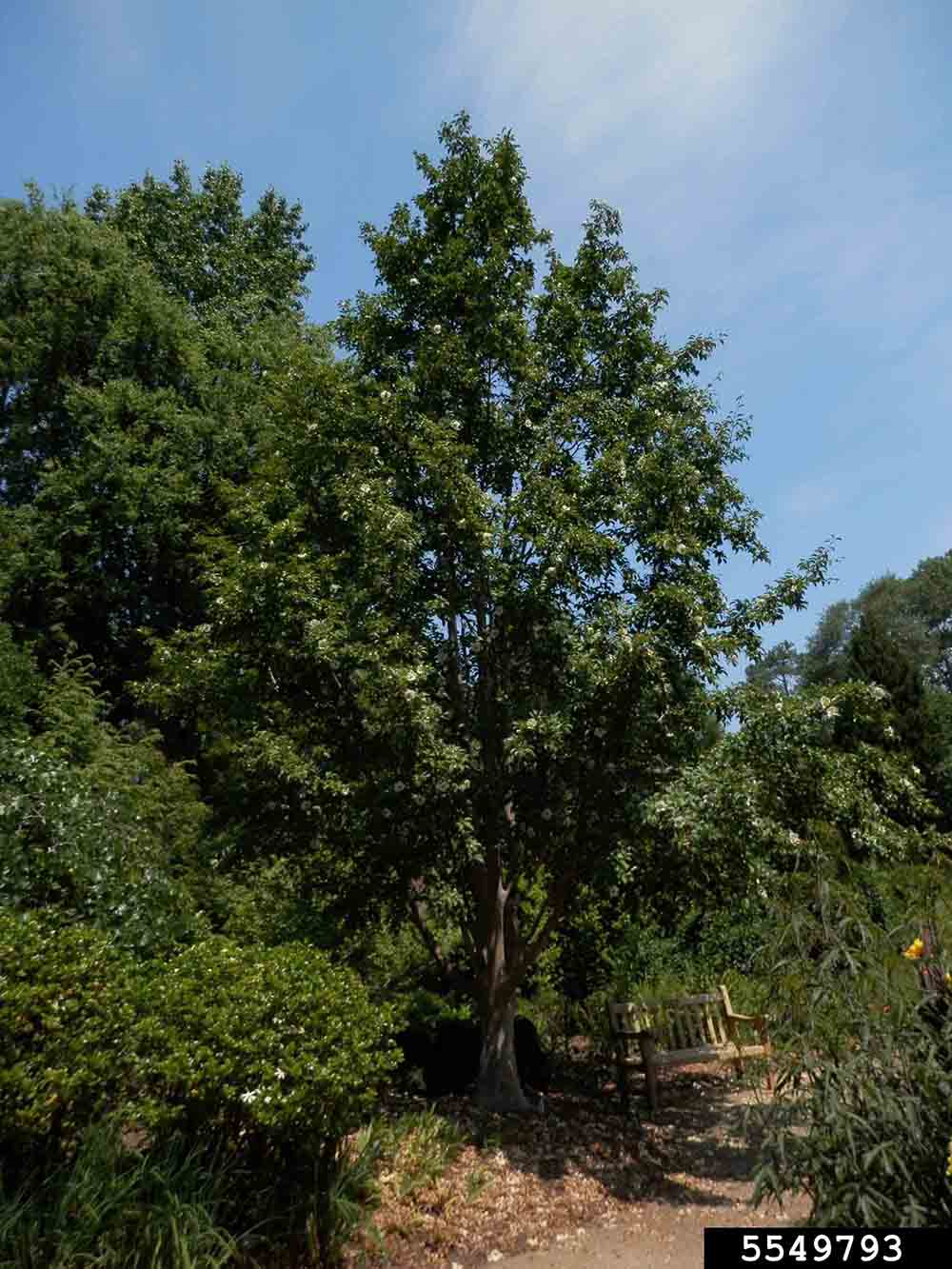 Japanese stewartia tree form, summer
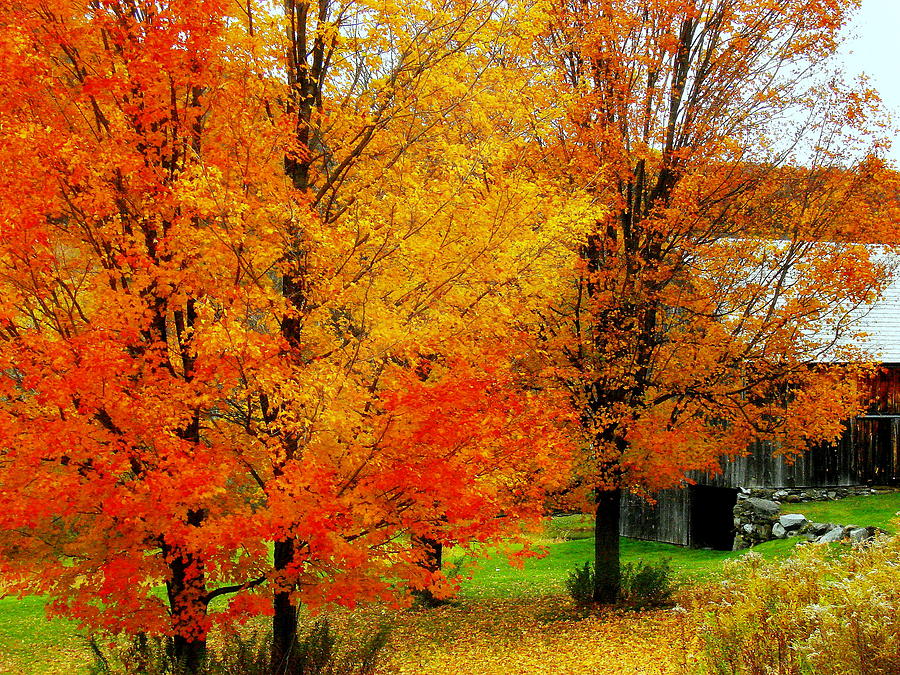 Autumn Trees By Barn Photograph by Rodney Lee Williams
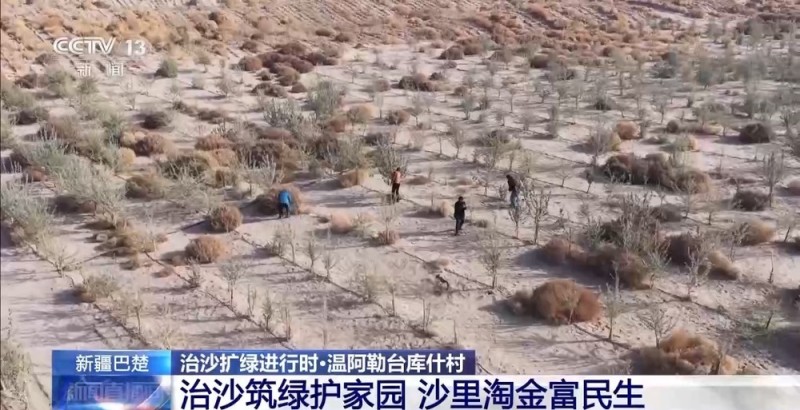 从“死亡之海”到“水产绿洲” 解锁新疆“点沙成金”的密码→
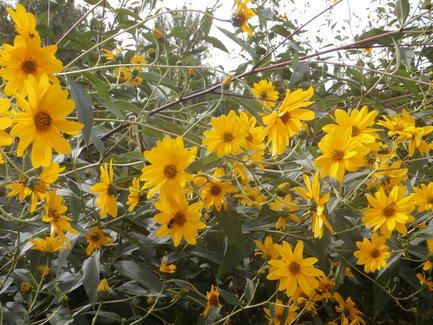 flores_amarillas_otono_1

+ + +

**EXERCISE AIM**
Would you output the listing above verbatim, without its pictures?

**RESPONSE TO THIS TASK**
 Japanese stewartia tree form, summer
 Autumn Trees By Barn Photograph by Rodney Lee Williams
 从“死亡之海”到“水产绿洲” 解锁新疆“点沙成金”的密码→
 flores_amarillas_otono_1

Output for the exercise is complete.